I like the way she confesses that in some cases, she has revisited her favourite works again and again. This is a temptation I also find hard to resist when possible, because it allows another encounter so that yet another aspect of the work might shine through and strike you down.
After you take on board all that she does have to say the notion occurs to you that next time you encounter something special you will be all the more determined to linger longer and look at it with completely fresh eyes.
Her visit to the National Gallery at London was particularly poignant, being able to access its great works alone ‘after hours’ must have been a powerful experience.
Of all the galleries I have visited this remains my all time favourite, as all the works seem to have been embraced by a loving hand, in the way they have been chosen and displayed.
There is such a mood of permanence about this place, which probably has as much to do with its style of architecture as it managing to not be bombed out of existence during World War II.
Betty Churcher reminds us of how, during the London blitz the works were removed to the safety underground of a Welsh mine, not Canada as some had proposed. Winston Churchill told the then director Kenneth Clark to ‘Bury them in caves or in cellars, but not a picture shall leave these islands‘.
One can hear him say it loud and clear with that fabulous commanding voice that he had. He was so feisty and fierce about defending the ancient Isle of Albion to the end. For him to remove its most famous treasures would have been a defeat.
Feeling ‘starved’ from not being able to access regular doses of their art, Londoners demanded they have an opportunity to see at least one now and then. And so the “Picture of the Month” program was born, ensuring that at least one great work was sent home to London each month from the mine.
What a wonderful message: one precious piece of past human history helping people of the present to be inspired to fight on.
The Death of Actaeon by one of my fav painters Titian (Tiziano Vecellio) is a wonderful comment on the Greek myth, that has Artemis (Diana to the Romans) chasing the mortal hunter. He unwittingly looked upon her beauty, while she was bathing naked in a stream deep in the forest.

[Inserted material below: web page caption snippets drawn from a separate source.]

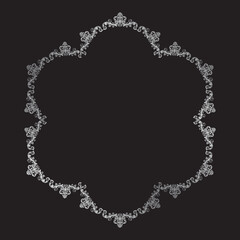 Vintage Damask, Royal Baroque Frame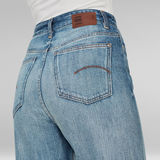 G-Star RAW® Jeans Tedie Ultra High Straight Turn Up Raw Edge Ankle Azul intermedio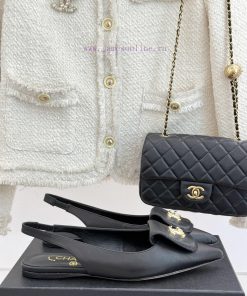 Chanel | Chanel Classic Flip Bag BuckleLing Grid Chain Thick Soled SlippersClassic Timeless Sim 8kxc644n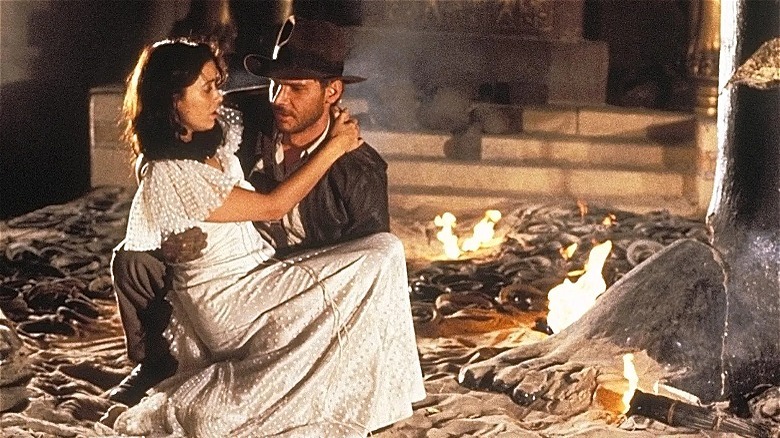 Indiana saves Marion in Raiders of the Lost Ark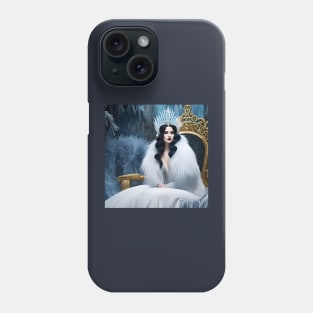 The Snow Queen on her Throne Phone Case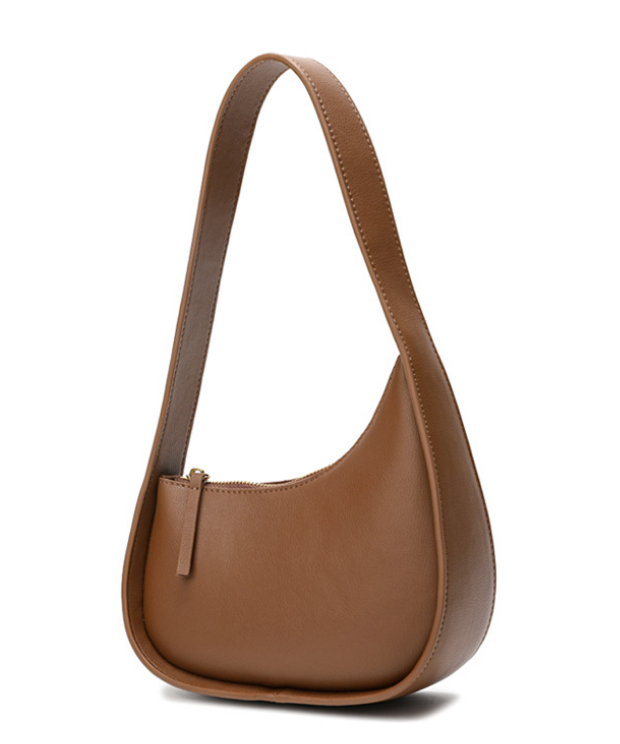 Sarah Express Half Moon Leather Shoulder Bag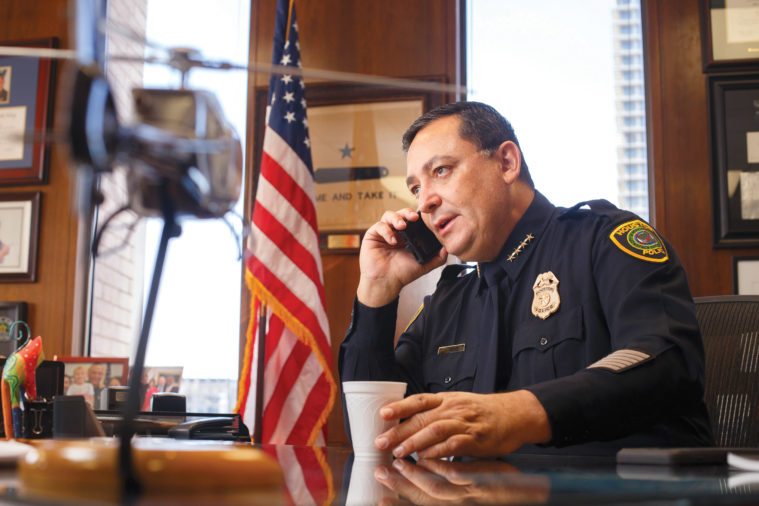 Houston Police Chief Art Acevedo in his office in Houston.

She had him torn to death by her dogs who think he’s a stag as she has transformed him. Painted when Titian was in his 80’s this work was unfinished, according to some, but it is still full of intent, and startling in the dark mood it manages to purvey of how the dastardly deed was done.
Betty Churcher’s Notebooks are ‘heavy’ with intention, the illustrations reproduced gorgeously, and the personal notations and sketches truly delicious. It is an entirely engaging read and every single page is an adventure in the evolution of art, design and style. It is also about being a voyeur, seeking pleasure on the sea of art by trespassing silently into a world where the art of pleasure becomes a serious business.
I especially responded to Betty Churcher’s thoughts on the amazing work of Spanish artist Diego Rodríguez de Silva Y Velázquez and his most mysterious painting, Las Meninas in Madrid. Considered a masterpiece, it continues to raise many questions that will probably never be answered.
Her descriptive passages are truly delightful; one fine example about Rembrandt von Rijn says “In his sagging flesh and ageing skin he can record the many disappointments and idignities that he has been obliged to stomach over the years – but the set of the mouth suggests that he regrets nothing”.
As I suspect she doesn’t either.
In her Notebooks Betty Churcher travelled from shadow to illumination as she completely fleshed out the subject matter of her most admired works brilliantly.
She highlighted their strengths and weaknesses and captured their very essence with her wonderful prose.
Notebooks by Betty (Elizabeth) Ann Churcher, AO (née Cameron) born 11 January 1931 – ). Still available through www.bookoffers.com.au
NB: Betty Churcher dedicated Notebooks to her grandchildren, who are sure to gain an appreciation for art, and to learn what art is, from their grandmother.